Frost & Sullivan says Israeli exports in the field have reached $4.6 billion over eight years, and are expected to grow at 5-10% a year until 2020.
The data shows that Israel is the world’s largest exporter of UAS in terms of volume, variety of systems and the number of countries where these items were sold during the past decade.
The total sales volume includes products, services and licensing to produce these products in other countries. The figure accounts for nearly 10% of the total volume of Israel’s defence exports, and this figure is expected to rise in coming years.
The main reason for the increase estimated by Frost & Sullivan is a decision by some countries not to rely on the US as a weapons supplier.
Eran Flumin, Frost & Sullivan CEO in Israel, said that the scope of Israeli defence exports is likely to grow. He added that the country’s companies continue to sign strategic partnerships with foreign firms while investing in aggressive marketing in regions – such as Africa, Asia and South America – where demand for UAS continues to grow.
The company expects UAS demand growth and continued delays in the easing of the US government’s defence exports policy will enable Israeli companies to increase their exports until 2020.

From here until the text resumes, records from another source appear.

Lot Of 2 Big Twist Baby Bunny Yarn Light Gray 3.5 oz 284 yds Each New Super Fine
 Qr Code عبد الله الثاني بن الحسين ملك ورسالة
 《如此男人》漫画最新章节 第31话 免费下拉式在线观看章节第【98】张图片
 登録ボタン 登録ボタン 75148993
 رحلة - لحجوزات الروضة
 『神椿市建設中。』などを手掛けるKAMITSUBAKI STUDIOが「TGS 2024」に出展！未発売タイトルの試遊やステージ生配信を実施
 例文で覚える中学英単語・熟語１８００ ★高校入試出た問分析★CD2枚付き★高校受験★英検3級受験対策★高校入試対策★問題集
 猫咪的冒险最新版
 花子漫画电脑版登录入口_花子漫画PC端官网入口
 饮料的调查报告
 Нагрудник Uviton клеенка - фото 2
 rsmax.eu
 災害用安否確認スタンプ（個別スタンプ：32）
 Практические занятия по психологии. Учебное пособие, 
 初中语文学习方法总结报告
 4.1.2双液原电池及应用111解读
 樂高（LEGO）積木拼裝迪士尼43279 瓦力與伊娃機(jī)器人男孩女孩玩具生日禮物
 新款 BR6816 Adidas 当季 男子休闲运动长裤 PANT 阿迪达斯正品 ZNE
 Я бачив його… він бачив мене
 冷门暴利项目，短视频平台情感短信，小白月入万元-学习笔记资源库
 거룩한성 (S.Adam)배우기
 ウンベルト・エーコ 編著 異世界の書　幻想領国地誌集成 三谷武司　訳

Europe accounted for about 50% of Israeli UAS exports between 2005 and 2012. More than half of that volume, about $1.25 billion, relates to the Watchkeeper project, associated with the British Army, involving a joint venture between Elbit Systems and Thales.
About 33% of total exports were intended for Asia-Pacific, while US sales were 3.9%.
Frost & Sullivan identified and analysed 20 Israeli companies that are involved in the UAS market. This list includes Aeronautics Defense Systems, BlueBird Aero Systems, Elbit, Gilat Satellite Networks and more.
The data is very encouraging for the Israeli UAS industry, but it is obvious that it will have to work hard, not only on sales, to keep that position.
One of the main problems is the inability of the different manufacturers to co-operate, which creates fierce competition. In some cases this competition has resulted in the loss of the potential client.
The export boom is, in many ways, like a diet – it’s often easy to lose weight; it’s much harder to keep that weight off.